A high wind warning also remained in effect, with the red flag warning set to expire late Thursday night and the high wind warning expected to expire Thursday afternoon, according to the National Weather Service. But the Santa Ana winds could persist into Friday or Saturday, which would likely mean an extension of both warnings.
The National Weather Service issued the red flag warning for the San Diego County coastal area, inland valleys and mountains, including the Palomar and Descanso Ranger Districts of the Cleveland National Forest.
Tuesday and Wednesday, sustained winds are expected to be between 20 and 30 mph with gusts up to 55 or 60 mph, the NWS said. But forecasters now believe Thursday and Friday pose the most significant fire risks, with isolated gusts of 70 to 80 mph possible Thursday.
Helping somewhat to mitigate the fire danger this week will be the relatively mild weather. High temperatures Tuesday in San Diego County will be 70 to 75 degrees at the beaches, inland and in the western valleys, 61 to 66 near the foothills and 48 to 58 in the mountains.
The fire threat this week doesn’t come from high temperatures. Instead, it’s the strong winds and humidity levels expected to be in the 7 to 15 percent range Tuesday and the 5 to 15 percent range from Wednesday until Saturday.
The wildfire threat was on full display in Ventura County, where the “Thomas Fire” was being driven by Santa Ana winds and conditions similar to local conditions. That blaze erupted around 6:30 p.m. Monday and quickly spread, growing to 31,000 acres and destroying at least 150 structures.

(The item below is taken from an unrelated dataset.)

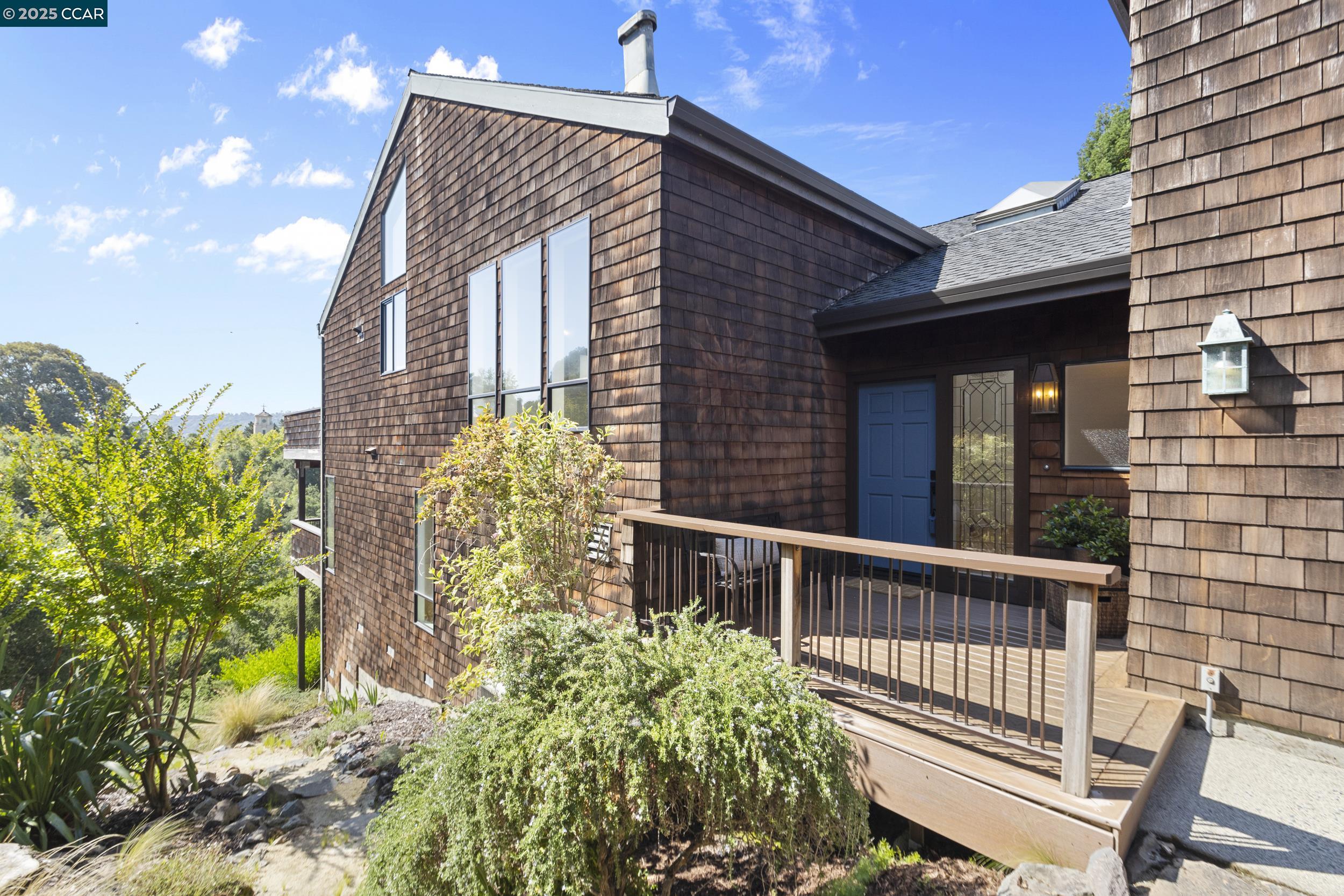 Detail Gallery Image 3 of 56 For 25 Watchwood Ct, Orinda,  CA 94563 - 3 Beds | 2/1 Baths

To prepare for the potentially dangerous conditions, both the San Diego Fire-Rescue Department and San Diego Gas & Electric beefed up staffing levels this week. The fire department put several extra strike teams on alert that included 10 brush rigs, five engines, two water tenders and two helicopters. SDG&E officials staged field crews and contract firefighters in areas where winds are expected to be the strongest.
“Meteorologists at the National Weather Service have not seen models for a Santa Ana event like this in many years,” SDFD Chief Brian Fennessy said. “We are being vigilant in up-staffing to protect San Diegans and their property. We ask that residents practice their evacuation plans and be prepared in case of a wildfire.”

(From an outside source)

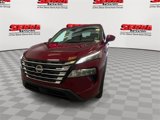 Used 2025 Nissan Rogue SV image 4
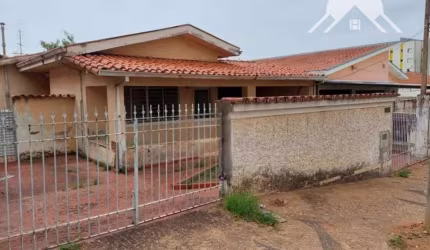 Casa/terreno à venda no Jardim do Trevo em Campinas-SP.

SDG&E — which last week lost a ruling in relation to the 2007 wildfires the company was found responsible for starting — said it may need to turn off power this week in certain areas “if weather conditions threaten the integrity of our system and create the possibility of an imminent emergency.”
Fire officials said several years of drought coupled with heavy rains last winter created significant fire fuel in the form of underbrush and grass. But the lack of recent rainfall and low humidity levels have dried out the extra fuel, making it ready to spark.
The U.S. Forest Service’s Santa Ana Wildfire Threat Index, which categorizes Santa Ana winds based on anticipated fire potential as extreme, high, moderate, marginal or no rating, predicts that Thursday the threat index will be extreme and Friday it will be high. Tuesday, the index listed the threat as marginal, while Wednesday and Saturday were listed as moderate.
On Thursday, with gusts potentially exceeding 80 mph, the Forest Service said that “upon ignition, fires will have extreme growth, will burn very intensely, and will be uncontrollable.”
San Diego officials and the weather service warned residents to “avoid activities that could spark a fire” and warned of the dangers of high winds that include power outages and damaged or toppled trees or power lines.